Урок заключается в том, что структура и субъект всегда были в этом смысле взаимозависимыми категориями. Массированные нападки на субъект неизбежно также подрывали и структуру. Итогом операции могла быть только лишь совершенно необузданная субъективность. Адорно предвидел такое развитие, часто замечая, что теория, которая стремится полностью отрицать иллюзорную власть субъекта, будет стремиться к восстановлению этой иллюзии даже сильнее, чем та теория, которая переоценила власть субъекта[2-41]. Мыслителем структурализма, более других оказавшим сопротивление этому движению, был Лакан. Он начинал с более твердой приверженности самому субъекту, благодаря как профессиональным занятиям психоанализом, что не позволяло легко отбрасывать категории, так и полученному философскому образованию, скорее в гегельянском, нежели ницшеанском или хайдеггеровском духе. Однако его концепция субъекта отменила роль «я» и порвала с принципом действительности в том виде, как их обозначил Фрейд, чтобы дать полномочную власть дематериализованной действительности. Она расчистила путь для собственного вытеснения. Делёз и Гуаттари могли побить ее козырем, повернув к самому закону символического как устранимому подавлению во имя воображаемого и его шизофренических объектов. Дезинтегрированные машины желания в «Анти-Эдипе», лишенные единства и тождественности, суть развязки в опрокидывании самих психических структур в безмерно и беспорядочно распыленную субъективность.
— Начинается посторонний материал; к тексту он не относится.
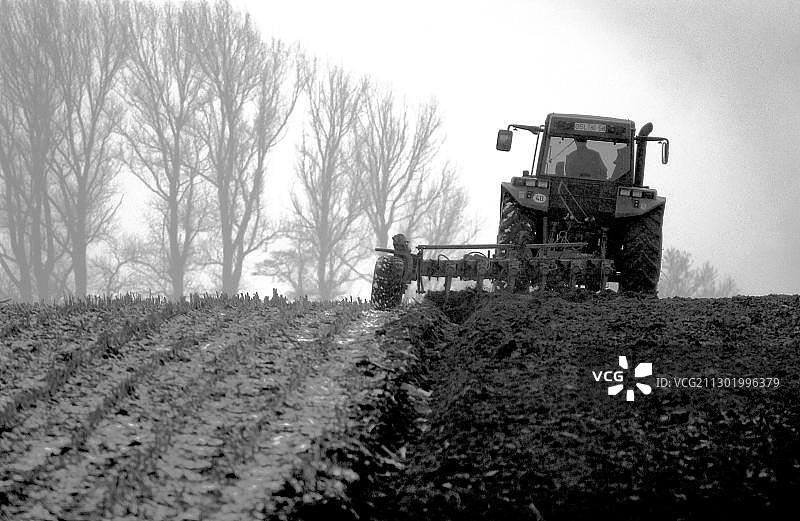 农业：雾中的春耕图片素材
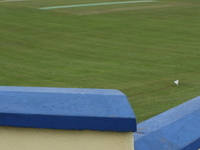 Fox Lodge Cricket Club Ground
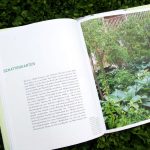 Der Schattengarten in grün-weiß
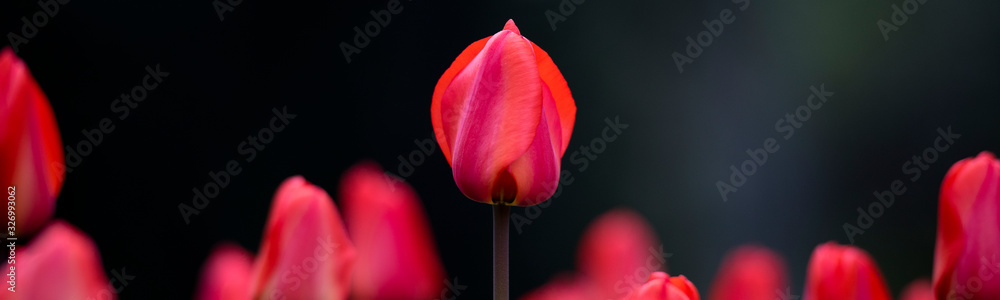 Allphotokz Tulips 20160410 0247 D810 Allphotokz Tulips 20160410 0247 D810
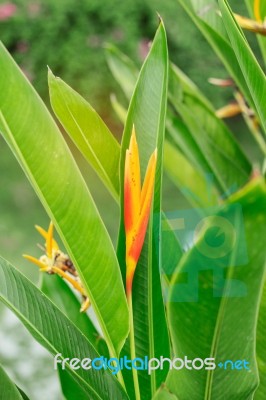 Orange Flowers With Green Nature Stock Photo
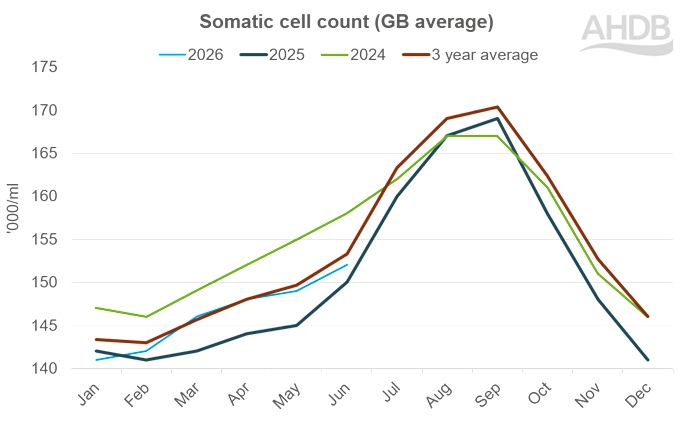 Line graph showing somatic cell count GB average 2024 to 2026.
Следовательно, если это была приблизительная траектория движения от структурализма к постструктурализму, то мы получаем ответ на свой вопрос. Неразрешенные трудности и тупики марксистской теории, которые структурализм обещал преодолеть, так и не стали предметом длительных дискуссий в этой соперничающей с марксизмом теории. Принятие языковой модели в качестве «ключа ко всем мифологиям», отнюдь не проясняя и не расшифровывая отношений между структурой и субъектом, привело от риторического абсолютизма первой к фрагментарному фетишизму второго, так и не продвинув вперед теорию их отношений. Такого рода теория, исторически детерминированная и секторально дифференцированная, могла быть разработана лишь при диалектическом уважении их взаимозависимости.